==== Input for this task

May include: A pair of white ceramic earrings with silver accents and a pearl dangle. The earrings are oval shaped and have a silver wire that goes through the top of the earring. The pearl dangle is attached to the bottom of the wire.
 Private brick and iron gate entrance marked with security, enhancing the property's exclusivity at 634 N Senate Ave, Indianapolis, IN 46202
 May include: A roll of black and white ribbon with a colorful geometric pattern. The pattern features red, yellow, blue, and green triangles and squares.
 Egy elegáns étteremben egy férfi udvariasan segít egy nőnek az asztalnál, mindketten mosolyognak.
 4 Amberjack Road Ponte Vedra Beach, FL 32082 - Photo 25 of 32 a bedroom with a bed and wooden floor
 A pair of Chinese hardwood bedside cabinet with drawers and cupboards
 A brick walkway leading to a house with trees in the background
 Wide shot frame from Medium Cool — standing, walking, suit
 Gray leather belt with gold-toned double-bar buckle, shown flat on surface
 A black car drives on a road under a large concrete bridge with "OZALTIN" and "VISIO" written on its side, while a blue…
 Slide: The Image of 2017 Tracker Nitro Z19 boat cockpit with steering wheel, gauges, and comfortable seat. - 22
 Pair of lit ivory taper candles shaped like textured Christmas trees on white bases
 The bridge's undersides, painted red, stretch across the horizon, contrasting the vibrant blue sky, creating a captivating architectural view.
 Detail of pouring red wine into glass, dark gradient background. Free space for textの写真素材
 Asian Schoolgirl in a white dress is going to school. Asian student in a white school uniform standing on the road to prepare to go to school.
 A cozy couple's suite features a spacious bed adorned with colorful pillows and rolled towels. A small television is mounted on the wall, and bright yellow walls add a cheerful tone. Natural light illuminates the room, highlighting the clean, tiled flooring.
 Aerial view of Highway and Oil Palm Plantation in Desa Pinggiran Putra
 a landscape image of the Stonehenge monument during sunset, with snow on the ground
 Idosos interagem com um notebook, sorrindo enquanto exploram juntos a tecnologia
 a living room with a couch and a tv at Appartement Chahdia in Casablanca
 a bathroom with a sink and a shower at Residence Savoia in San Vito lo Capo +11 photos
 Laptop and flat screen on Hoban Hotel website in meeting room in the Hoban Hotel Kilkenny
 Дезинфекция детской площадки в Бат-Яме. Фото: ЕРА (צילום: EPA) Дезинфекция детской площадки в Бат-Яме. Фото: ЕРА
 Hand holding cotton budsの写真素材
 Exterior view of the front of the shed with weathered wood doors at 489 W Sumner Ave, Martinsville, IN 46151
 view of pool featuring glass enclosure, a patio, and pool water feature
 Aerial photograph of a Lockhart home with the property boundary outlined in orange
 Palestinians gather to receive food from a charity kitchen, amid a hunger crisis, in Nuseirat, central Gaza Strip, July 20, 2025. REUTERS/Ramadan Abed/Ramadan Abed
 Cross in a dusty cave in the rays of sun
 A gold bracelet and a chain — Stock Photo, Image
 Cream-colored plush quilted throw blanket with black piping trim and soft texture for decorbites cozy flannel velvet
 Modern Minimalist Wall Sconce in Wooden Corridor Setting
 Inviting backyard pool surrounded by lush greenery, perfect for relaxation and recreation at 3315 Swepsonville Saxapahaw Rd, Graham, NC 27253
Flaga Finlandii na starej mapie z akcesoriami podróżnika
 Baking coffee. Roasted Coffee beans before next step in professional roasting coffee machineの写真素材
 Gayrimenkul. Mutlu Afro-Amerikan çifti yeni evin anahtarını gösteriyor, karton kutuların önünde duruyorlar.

========

**What you have to do:** Give back, word for word, only the lines above from the line holding "Detail of pouring" to the line holding "view of pool", both included.

**Completed exercise:**
 Detail of pouring red wine into glass, dark gradient background. Free space for textの写真素材
 Asian Schoolgirl in a white dress is going to school. Asian student in a white school uniform standing on the road to prepare to go to school.
 A cozy couple's suite features a spacious bed adorned with colorful pillows and rolled towels. A small television is mounted on the wall, and bright yellow walls add a cheerful tone. Natural light illuminates the room, highlighting the clean, tiled flooring.
 Aerial view of Highway and Oil Palm Plantation in Desa Pinggiran Putra
 a landscape image of the Stonehenge monument during sunset, with snow on the ground
 Idosos interagem com um notebook, sorrindo enquanto exploram juntos a tecnologia
 a living room with a couch and a tv at Appartement Chahdia in Casablanca
 a bathroom with a sink and a shower at Residence Savoia in San Vito lo Capo +11 photos
 Laptop and flat screen on Hoban Hotel website in meeting room in the Hoban Hotel Kilkenny
 Дезинфекция детской площадки в Бат-Яме. Фото: ЕРА (צילום: EPA) Дезинфекция детской площадки в Бат-Яме. Фото: ЕРА
 Hand holding cotton budsの写真素材
 Exterior view of the front of the shed with weathered wood doors at 489 W Sumner Ave, Martinsville, IN 46151
 view of pool featuring glass enclosure, a patio, and pool water feature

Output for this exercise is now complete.